[PROVIDED DATA Boundary: Start]
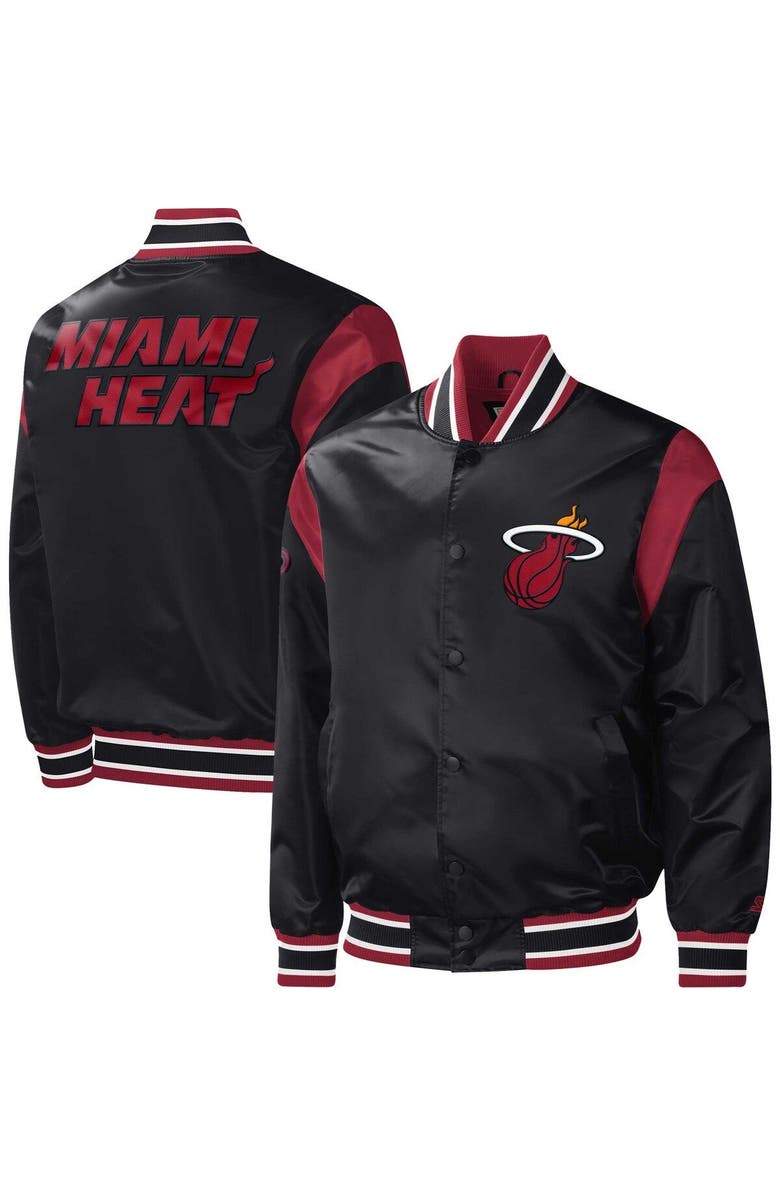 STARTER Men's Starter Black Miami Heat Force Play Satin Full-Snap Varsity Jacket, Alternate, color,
[PROVIDED DATA Boundary: End]
[PROVIDED DATA Boundary: Start]
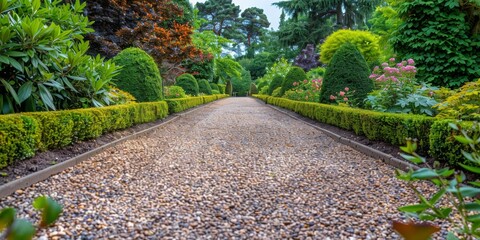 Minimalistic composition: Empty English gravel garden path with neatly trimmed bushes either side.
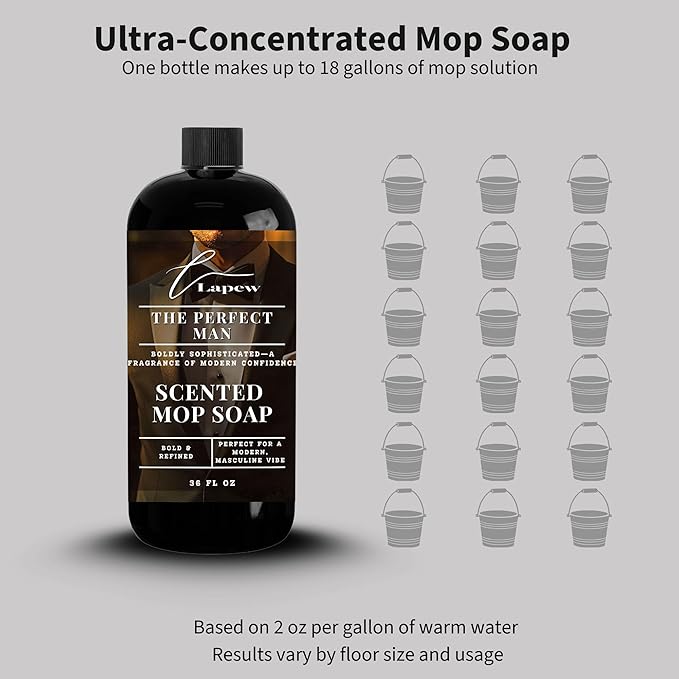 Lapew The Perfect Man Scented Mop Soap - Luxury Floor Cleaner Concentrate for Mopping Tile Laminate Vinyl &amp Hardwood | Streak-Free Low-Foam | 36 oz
[PROVIDED DATA Boundary: End]
[PROVIDED DATA Boundary: Start]
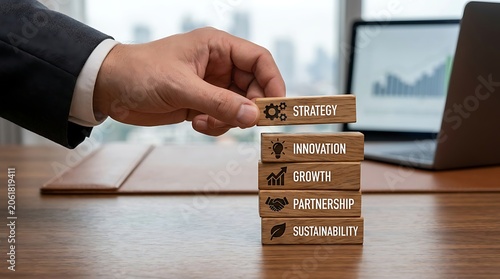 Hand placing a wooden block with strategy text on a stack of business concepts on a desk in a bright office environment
[PROVIDED DATA Boundary: End]
▶ _WORK TO BE COMPLETED_: Although the records above contain pictures, the copy should not; retype exactly the lines from the one containing "Minimalistic composition: Empty" through the one containing "Lapew The Perfect".

▶ _YOUR SOLUTION_:
 Minimalistic composition: Empty English gravel garden path with neatly trimmed bushes either side.
 Lapew The Perfect Man Scented Mop Soap - Luxury Floor Cleaner Concentrate for Mopping Tile Laminate Vinyl &amp Hardwood | Streak-Free Low-Foam | 36 oz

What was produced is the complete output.